Я не помню, как так вышло, что нас к месту погрузки на эту баржу порознь привозили: детей отдельно, матерей отдельно. Только помню, что приехали, гляжу — где Андрей? А он один бегает где-то между грузовиков, один совсем. Я просто испугалась: как же так, ведь он потеряться мог! Ему шесть лет всего. Как я могла такое допустить? И так я разволновалась, что и не помню, как мы на этой барже плыли.

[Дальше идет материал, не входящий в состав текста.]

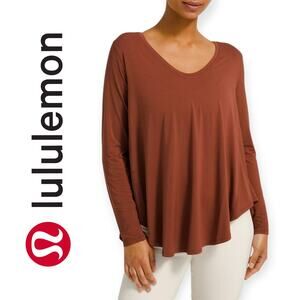 Lululemon | 6 | Up For Down Time Relaxed Long Sleeve Silk Blend Top in Terracota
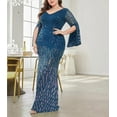 thumbnail image 4 of Womens Mermaid Plus Size V Neck Sequin Evening Dress Long Sleeves Mother of The Bride Gowns Royal Blue, 4 of 7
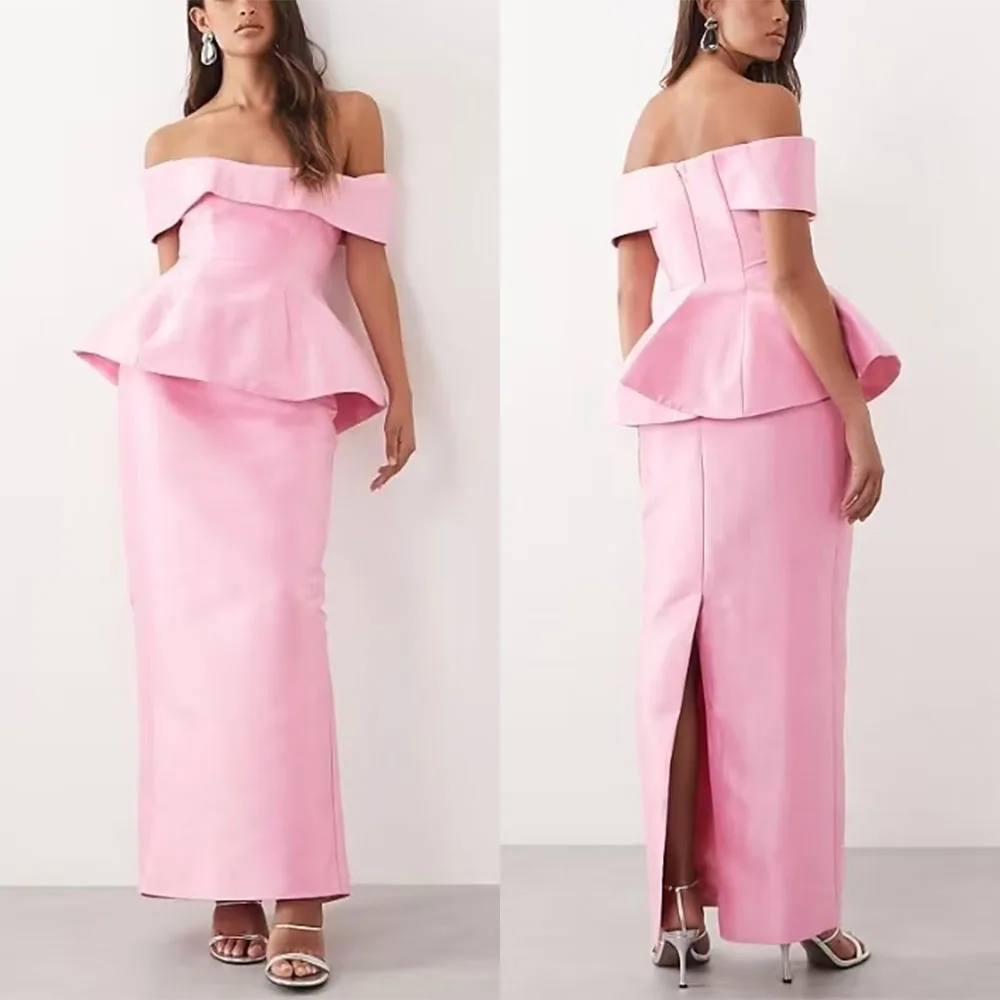 

High Quality Customized Strapless Pink Ankle Length Off Shoulder Woman Vestidos Para Bodas Mujer Invitada Robes De Soirée فساتين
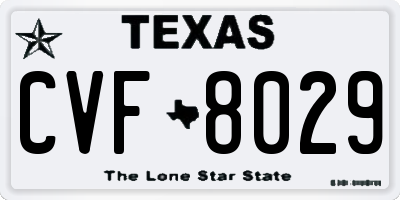 TX license plate CVF8029
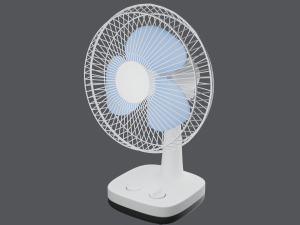 White Table Fan 3D Model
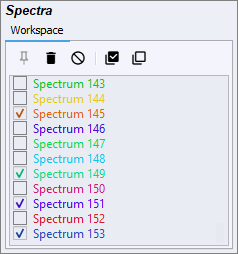 Workspace showing spectra with tick box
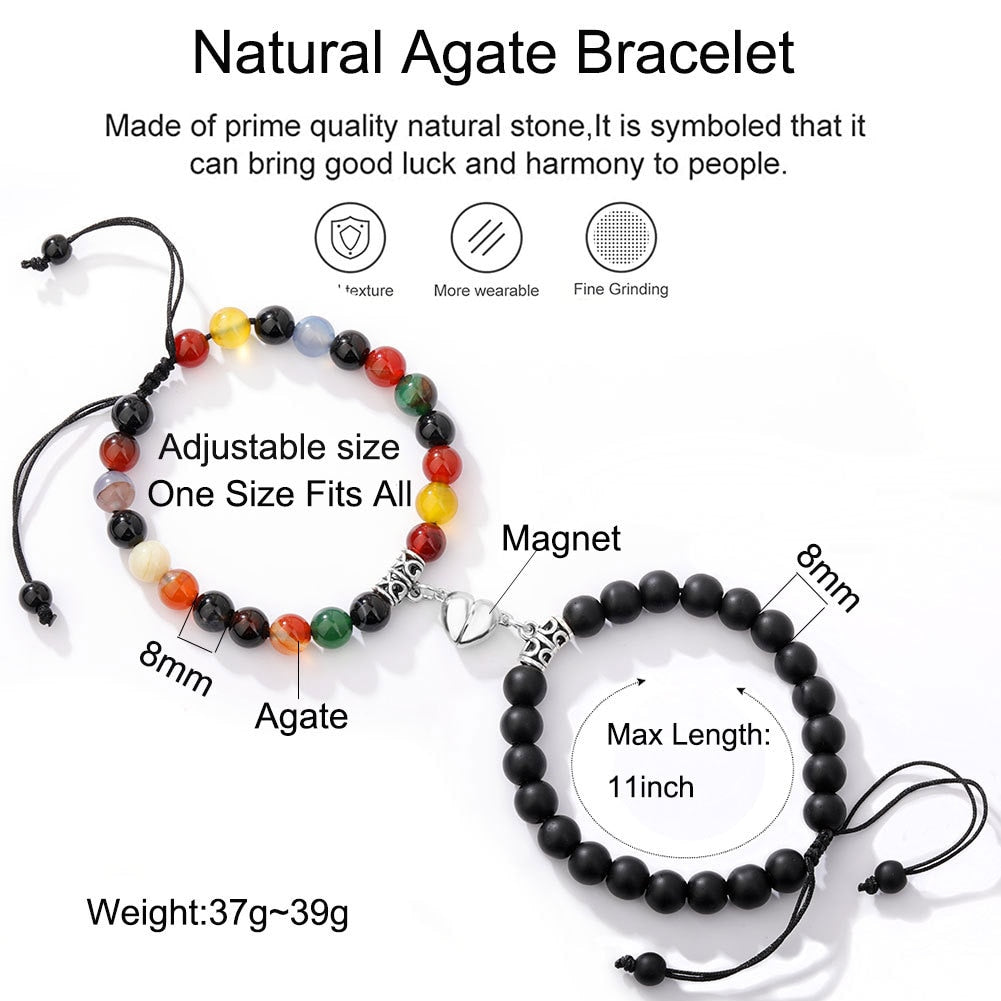 Natural Stone Beads Couple Magnetic Bracelets Pi-Mart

Мы попали на место уже где-то, наверное, в августе, в эту деревню на месте. Еще успели картошку убрать, смородину еще застали. Нас распределяли по деревням. Мы оказались в деревне Дмитровка. Это была русская деревня, в отличие от соседней, — там вперемешку были русские и татарские деревни.
Местные жители войне были рады скорее. Там были зажиточные люди, и они были настроены так: придет Гитлер и разгонит колхозы. Вот до колхозов было так хорошо, вот это наше поле… Они свою картошку всякими удобрениями удобряли, но сами ее не ели — только на продажу. Она такая большая выходила, жирная, красивая. А ели они колхозную, помельче. Она поздоровее. Ну и мы на поле ее собирали. Там как? Соберешь девять ведер, десятое себе бери.
Но к нам там относились терпимо. Наверное, особой радости мы не доставляли, но, может быть, и не досаждали чересчур, потому что мы там что-то делали по возможности, старались работать. Зима была очень холодная, даже еще по тамошним временам считалась холодной — и в Москве, и там.